またオカヤドカリは成体こそ陸地で生活しますが、幼少期は水の中で過ごさなければならない時期がありますので、繁殖を考えている方は注意する必要があります。
オカヤドカリは国の天然記念物に指定されている為、もし見かけても決して連れて帰るようなことはせず、きちんとペットショップなどで購入するようにしましょう。
ヤシガニ
ヤシガニはオカヤドカリの仲間で、陸上に生息する甲殻類の中で最も大きいと言われています。
体長は30~40㎝で、脚を広げると1m以上にも及ぶ個体もいます。
その長い脚を用いて器用にヤシの木に登り、ヤシの実を落として食べることからヤシガニと呼ばれる様になったと言います。
しかし実際にはヤシガニは木に登ることはあっても、ヤシの実を落とすことはしないそうです。
ヤシの実を切り裂く事が出来る強靭なハサミを持っていて、ヤシの実を食べることから誤解されただけのようです。
ヤシガニは小さなうちはペットとして飼育することも可能ですが、大きくなると、その強靭なハサミで飼育ケージを壊して脱走してしまうことが多く、ハサミに挟まれてしまうと大怪我を負ってしまうので注意が必要です。
ホンヤドカリ
ホンヤドカリは最も一般的な海生のヤドカリで、北海道から九州まで、日本全土に生息しています。
タイドプールなどで見られるのは大抵がこのホンヤドカリです。
甲長は10㎜前後とヤドカリの中では小型で、岩礁地帯に多く生息しますが、砂浜にはあまり見られません。
体色が緑色で、右側のハサミが大きく発達しているのが特徴です。
ホンヤドカリは潮の引いたタイドプールに生息している為、体が丈夫で飼育は比較的簡単です。

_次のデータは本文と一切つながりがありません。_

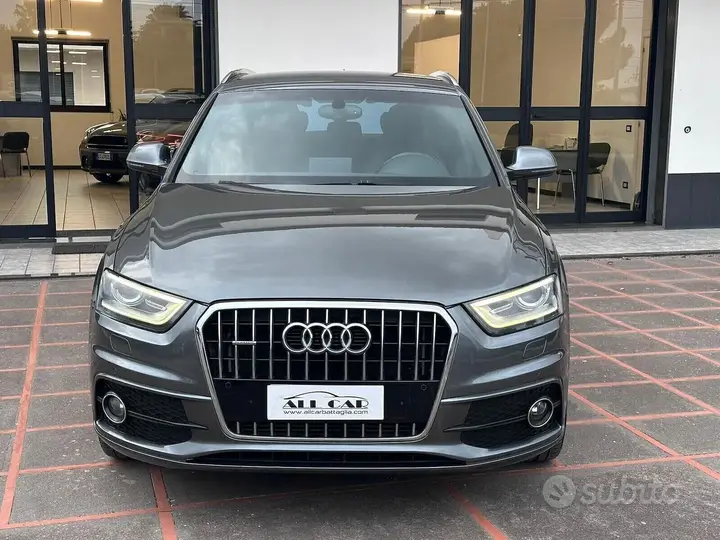 Audi Q3 2013 photo 2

特別な飼育機材なども用いなくとも長生きさせることが可能ですので、磯遊びで良く子供が持ち帰ることが多く、ヤドカリ飼育の入門種のような存在とも言えるでしょう。
オニヤドカリ
オニヤドカリは水深10~50m程の場所に生息する、甲長5㎝程の大型のヤドカリです。
岩礁地帯に生息するヤドカリの代表的な種類で、夏場になるとサザエの貝殻などに入れられたものが売られていることがあります。
漁師網などによくかかる事が多く、奄美大島より南ではサンゴ礁でも見られます。
ハサミや脚に剛毛が非常に多く、その姿が鬼のようだという理由から「オニヤドカリ」と呼ばれるようになったと言います。
オニヤドカリは海の深い場所に住むヤドカリですので、飼育する際は海水魚を飼育するのと同じように、水位の高い水槽で飼育した方が良いでしょう。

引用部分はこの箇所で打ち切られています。